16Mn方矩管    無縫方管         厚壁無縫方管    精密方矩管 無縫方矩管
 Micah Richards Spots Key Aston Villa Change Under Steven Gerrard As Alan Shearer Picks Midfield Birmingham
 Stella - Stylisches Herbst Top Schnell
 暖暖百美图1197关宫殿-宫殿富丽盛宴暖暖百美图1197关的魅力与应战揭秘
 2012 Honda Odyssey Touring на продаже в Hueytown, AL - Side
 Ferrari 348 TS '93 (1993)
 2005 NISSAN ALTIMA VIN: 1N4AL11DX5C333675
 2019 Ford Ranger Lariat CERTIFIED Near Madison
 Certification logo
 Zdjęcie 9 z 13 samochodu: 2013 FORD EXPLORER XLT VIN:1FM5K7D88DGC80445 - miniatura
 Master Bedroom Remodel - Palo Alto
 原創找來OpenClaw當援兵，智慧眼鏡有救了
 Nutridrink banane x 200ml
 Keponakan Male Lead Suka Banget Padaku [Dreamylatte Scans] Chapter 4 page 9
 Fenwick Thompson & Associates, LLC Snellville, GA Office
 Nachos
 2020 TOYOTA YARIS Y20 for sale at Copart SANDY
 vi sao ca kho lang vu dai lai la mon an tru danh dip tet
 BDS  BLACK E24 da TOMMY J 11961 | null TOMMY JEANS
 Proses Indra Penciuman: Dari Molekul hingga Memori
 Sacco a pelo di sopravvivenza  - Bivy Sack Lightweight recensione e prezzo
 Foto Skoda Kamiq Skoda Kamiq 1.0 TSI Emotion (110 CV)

-=-=-=-=-

**PROBLEM STATEMENT:** Nothing in the records may be left out; reproduce them exactly.

**EXERCISE RESPONSE:**
16Mn方矩管    無縫方管         厚壁無縫方管    精密方矩管 無縫方矩管
 Micah Richards Spots Key Aston Villa Change Under Steven Gerrard As Alan Shearer Picks Midfield Birmingham
 Stella - Stylisches Herbst Top Schnell
 暖暖百美图1197关宫殿-宫殿富丽盛宴暖暖百美图1197关的魅力与应战揭秘
 2012 Honda Odyssey Touring на продаже в Hueytown, AL - Side
 Ferrari 348 TS '93 (1993)
 2005 NISSAN ALTIMA VIN: 1N4AL11DX5C333675
 2019 Ford Ranger Lariat CERTIFIED Near Madison
 Certification logo
 Zdjęcie 9 z 13 samochodu: 2013 FORD EXPLORER XLT VIN:1FM5K7D88DGC80445 - miniatura
 Master Bedroom Remodel - Palo Alto
 原創找來OpenClaw當援兵，智慧眼鏡有救了
 Nutridrink banane x 200ml
 Keponakan Male Lead Suka Banget Padaku [Dreamylatte Scans] Chapter 4 page 9
 Fenwick Thompson & Associates, LLC Snellville, GA Office
 Nachos
 2020 TOYOTA YARIS Y20 for sale at Copart SANDY
 vi sao ca kho lang vu dai lai la mon an tru danh dip tet
 BDS  BLACK E24 da TOMMY J 11961 | null TOMMY JEANS
 Proses Indra Penciuman: Dari Molekul hingga Memori
 Sacco a pelo di sopravvivenza  - Bivy Sack Lightweight recensione e prezzo
 Foto Skoda Kamiq Skoda Kamiq 1.0 TSI Emotion (110 CV)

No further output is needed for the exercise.